I generally consider myself a competitive player first and a community member second but, in Hex, those roles for me certainly have reversed greatly—and one of my biggest roles within the Hex community, in addition to all the other roles, is running and maintaining two major tournament series. In both the Shard Cup Tournament Series and the FiveShards Weekly Series, we have to be extremely careful about the rules we adopt, the schedules that we pick, the prizes we award, the entry fees we charge, and any other institutional rules that we establish as every decision has an effect on player behavior. This is true of anyone planning to organize a tournament within our community. The most important player behavior from a tournament design perspective, of course, is player turnout. We certainly care about other metrics such as player cheating, player fun, length of the tournament, player perception of the series, and others—but all of these feed into that primary indicator of whether players are playing in our tournaments.
As many people already know, my occupation involves me doing research into political phenomena and attempting to test hypotheses about different institutions and how those institutions affect the behavior of various actors within the realms of politics and economics (my curriculum vitae can give you an idea of the types of things I normally research/publish on). Thankfully, due to the data Hex Entertainment has made available over the past year, I can combine both my professional interests with my hobby inclinations to test some ideas about tournament design and outcomes. I have been collecting the data for this project over the last few months and have mentioned them to people and on the forums in a few places, but have not posted any systematic analysis publicly. I figured this was an opportune time to do so as it is the start of a new year as many people are thinking about how they can effect the Hex community and help it grow.
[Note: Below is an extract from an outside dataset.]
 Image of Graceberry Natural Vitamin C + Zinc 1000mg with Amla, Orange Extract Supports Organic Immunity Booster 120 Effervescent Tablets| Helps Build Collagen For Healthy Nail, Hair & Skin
Of course, the FiveShards Shard Cup Series is far too young to do statistical analysis on (an observation count of 13 is insufficient to get reliable results and the tournament structures change from month to month) and the FiveShards Weekly Series has yet to start. However, the gauntlet tournament data has been available since the qualifying season had started back on October 6th, 2015 and—more importantly—the institutional rules governing these tournaments have changed twice over the course of the last three months. As such, our research interest of whether institutional rules changes affect player behavior is ripe for exploration.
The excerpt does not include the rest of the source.